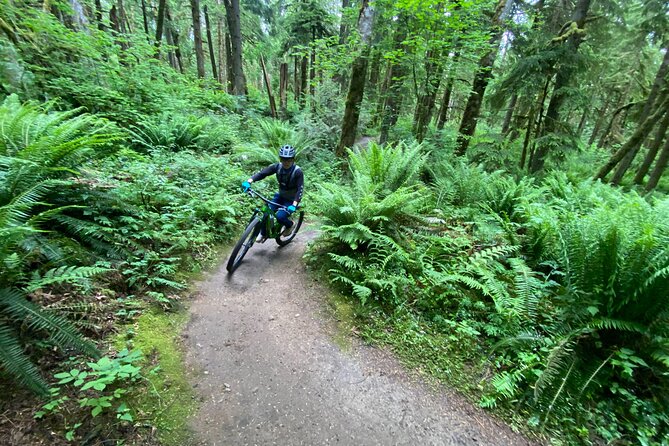 Viator Exclusive - Half Day Mountain Bike Tour From Seattle - What to Expect
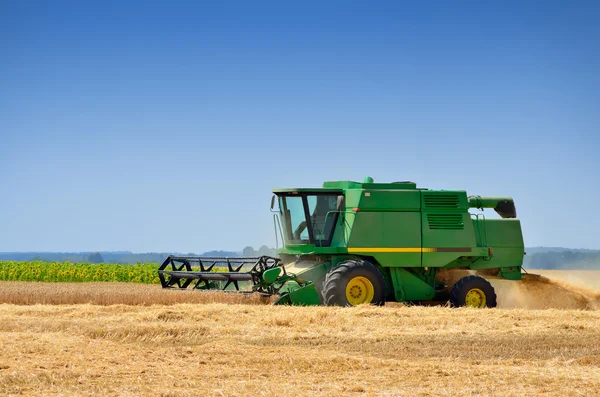 Agricultural machinery harvests of cereal crops in the field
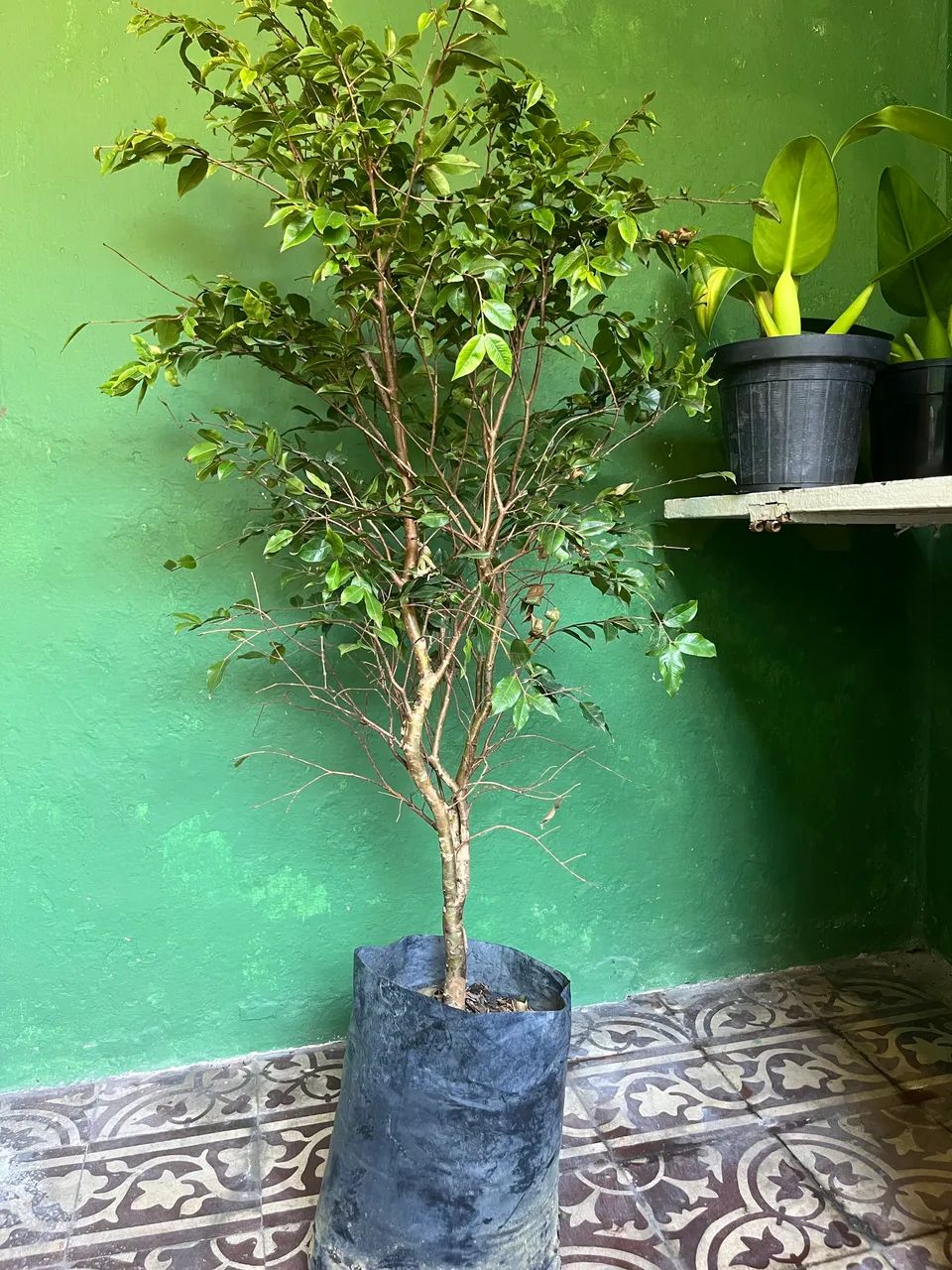 Jaboticaba florando  - Foto 2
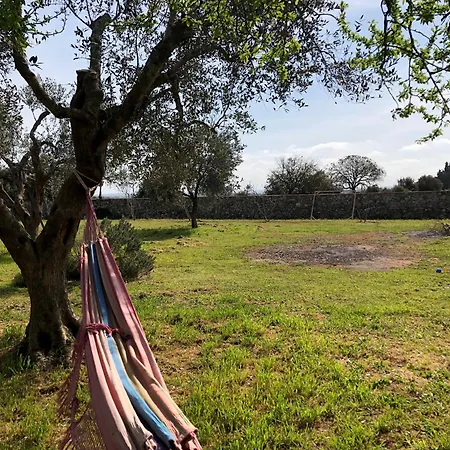 Countryside Experience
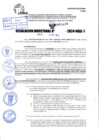 Vista preliminar de documento R.D 1459-2024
▬▬▬▬▬▬▬▬▬▬
What is needed
Only the lines from the line holding "Countryside Experience" through the last line above belong in the answer, repeated exactly; the pictures do not.

Task answer
 Countryside Experience
 Vista preliminar de documento R.D 1459-2024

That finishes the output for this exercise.